Informative priors for correlation matrices: An easy approach

Estimating correlations is a dead simple thing to do, right?

Yes.

But sampling correlations is a dead simple thing to do right?

Not necessarily.

Correlation matrices must be positive semi-definite. When doing Bayesian analysis, you therefore need to parameterize in such a way that the correlation matrix is positive semi-definite. That is not a trivial procedure. Thankfully, Stan (and others, e.g., PyMC3) do that hard work for you, under the hood, and with the correct Jacobian adjustments.

However, even a uniformly distributed correlation matrix does not yield marginally uniform elements. My previous post explored this. Essentially, the positive semi-definite (PSD, for short) constraint restricts the range of possible correlation matrices, which imposes an implicit prior on the matrix, and in turn the unique elements.

More to the point, the LKJ(1) prior is a uniform prior on permissible matrices (permissible, meaning symmetric and PSD). Most permissible matrices beyond dimension 2 will be in a hypersphere around the identity matrix. Even with a uniform density, most of the volume contains solutions without large individual elements.

In short – A uniform LKJ, which says all permissible solutions are equally likely, is not "uniform" in the intuitive meaning of "uniform", because most permissible solutions are found around an identity matrix.

Because probability mass is density $\times$ volume (the integral of density over area), most probability mass will therefore be near identity. Unfortunately, this means that it can be surprisingly hard to attain high posterior mass over correlation matrices with high correlations.

To show this "problem", I generated 50 observations of 15 highly correlated data points. I computed the observed correlation matrix, and plotted each element in black. I then estimated a Bayesian multivariate normal with a uniform LKJ prior on the correlation matrix. The posterior means are plotted in red.

Notice how they are all considerably lower than they "should be" given the output of cor(y).

This is a well-known "problem" of the LKJ prior. However, this is not a problem with LKJ at all, but with most of the volume, and therefore most of the mass, being around the identity. With enough data points, you will be able to "overcome" the volume problem due to the much higher joint density of larger correlations.

Using priors

When there are problems like this, the natural Bayesian solution is to include some more prior information. Recall that the uniform prior on correlation matrices has the implicit prior of "Must be symmetric and positive semi-definite". Well, we may know that some correlations should be higher with high certainty, or others are relatively unknown.

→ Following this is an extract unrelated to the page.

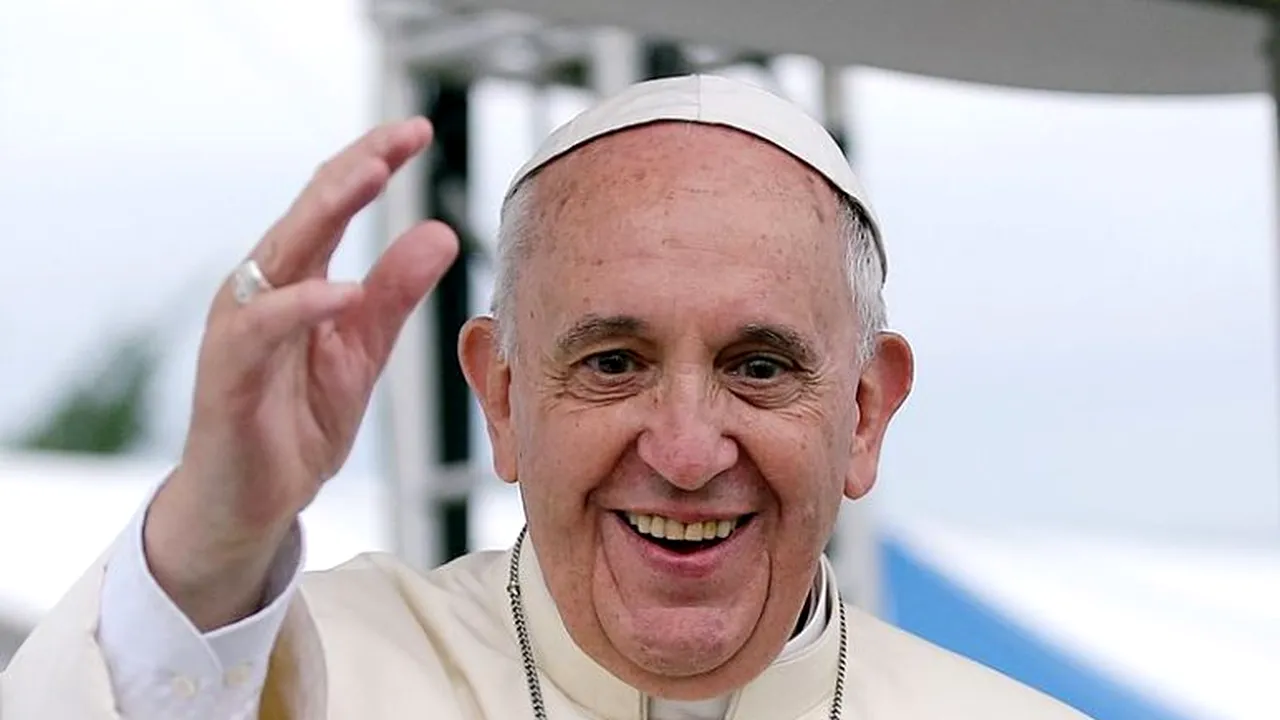 VIDEO. Învierea pentru catolici, în transmisiuni online până duminică / Papa Francisc, mesaj și rugăciuni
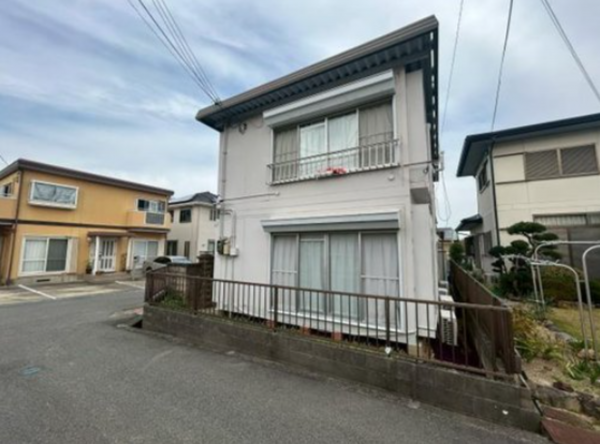 泉南郡熊取町五月ケ丘、中古一戸建ての画像です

Naively, you may try to construct a matrix from $D(D-1)/2$ estimated parameters, and put priors on each of the individual parameters. But you will be sorely disappointed — The probability of such a matrix being PSD is vanishingly small as D increases.

However! What you can do is construct a PSD matrix, and add more prior information. That is:

$$ p(R) \propto \text{LKJ}(R|\eta = 1)\prod_u \mathcal{N}(R_u | \mu_u, \sigma_u) $$ where $R$ is a symmetric, PSD correlation matrix, $u$ indexes the unique, lower-triangular elements of $R$, and the normal distribution with locations $\mu_u$ and scales $\sigma_u$ encode prior information about each element $R_u$. In words, this just means that R has a joint prior consisting of a uniform LKJ on the matrix (effectively contributing nothing) and normals on its elements.

E.g., if you think R[2,1] should be fairly high, then you could say $\mu_1 = .8, \sigma_1 = .2$.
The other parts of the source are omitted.